What is required>
Repeat every entry word for word, skipping the pictures.

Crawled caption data
=== Begin Enclosure ===

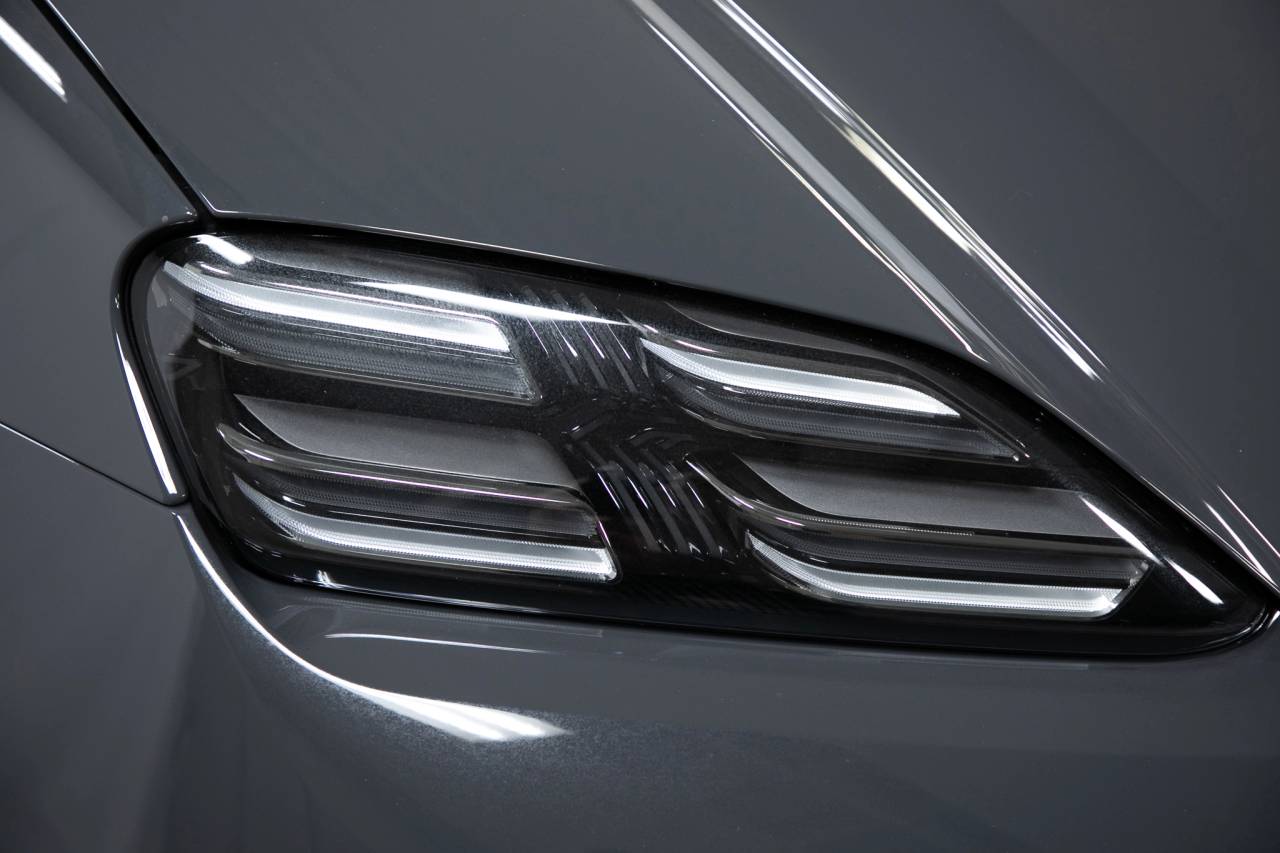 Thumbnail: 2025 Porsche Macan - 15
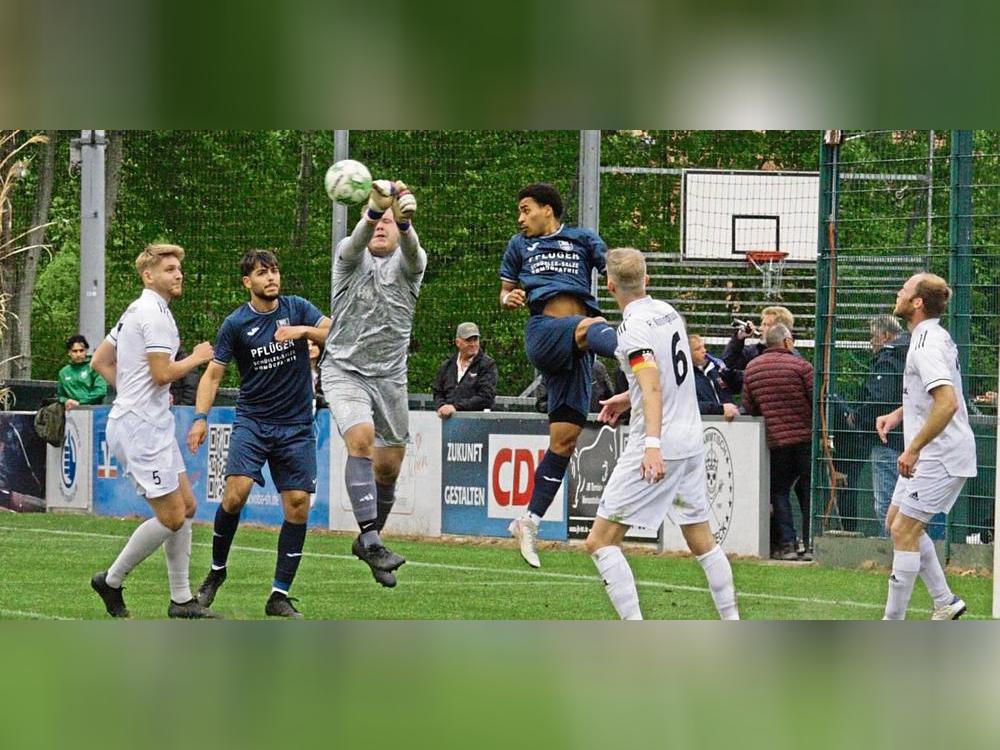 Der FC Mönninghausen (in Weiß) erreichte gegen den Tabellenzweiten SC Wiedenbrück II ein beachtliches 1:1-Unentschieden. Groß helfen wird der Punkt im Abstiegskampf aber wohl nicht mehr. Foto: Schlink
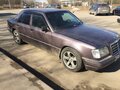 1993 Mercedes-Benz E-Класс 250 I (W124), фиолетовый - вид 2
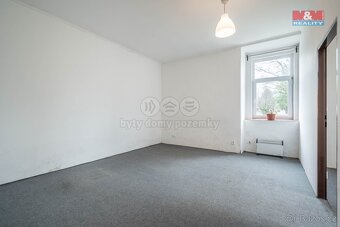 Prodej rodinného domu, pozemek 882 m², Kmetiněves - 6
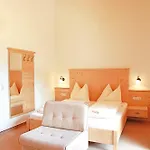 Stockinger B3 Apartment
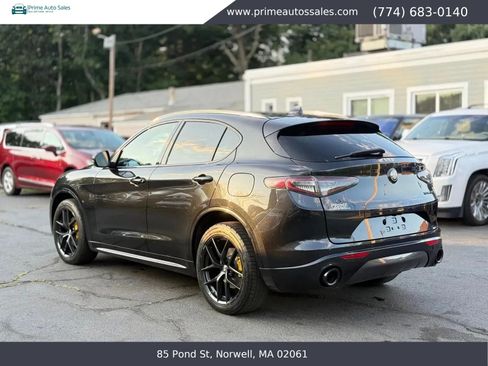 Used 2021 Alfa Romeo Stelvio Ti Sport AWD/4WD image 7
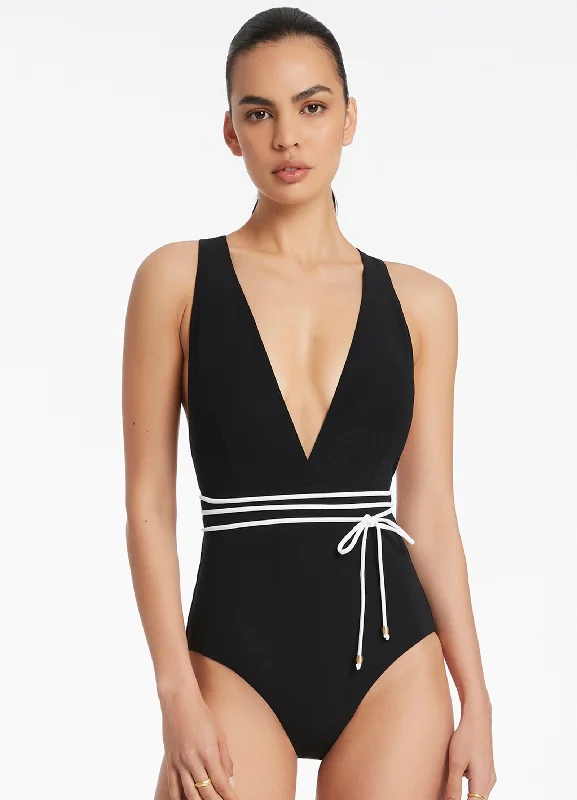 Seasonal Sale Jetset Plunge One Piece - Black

=== End Enclosure ===

Result for this exercise>
 Thumbnail: 2025 Porsche Macan - 15
 Der FC Mönninghausen (in Weiß) erreichte gegen den Tabellenzweiten SC Wiedenbrück II ein beachtliches 1:1-Unentschieden. Groß helfen wird der Punkt im Abstiegskampf aber wohl nicht mehr. Foto: Schlink
 1993 Mercedes-Benz E-Класс 250 I (W124), фиолетовый - вид 2
 Prodej rodinného domu, pozemek 882 m², Kmetiněves - 6
 Stockinger B3 Apartment
 Used 2021 Alfa Romeo Stelvio Ti Sport AWD/4WD image 7
 Seasonal Sale Jetset Plunge One Piece - Black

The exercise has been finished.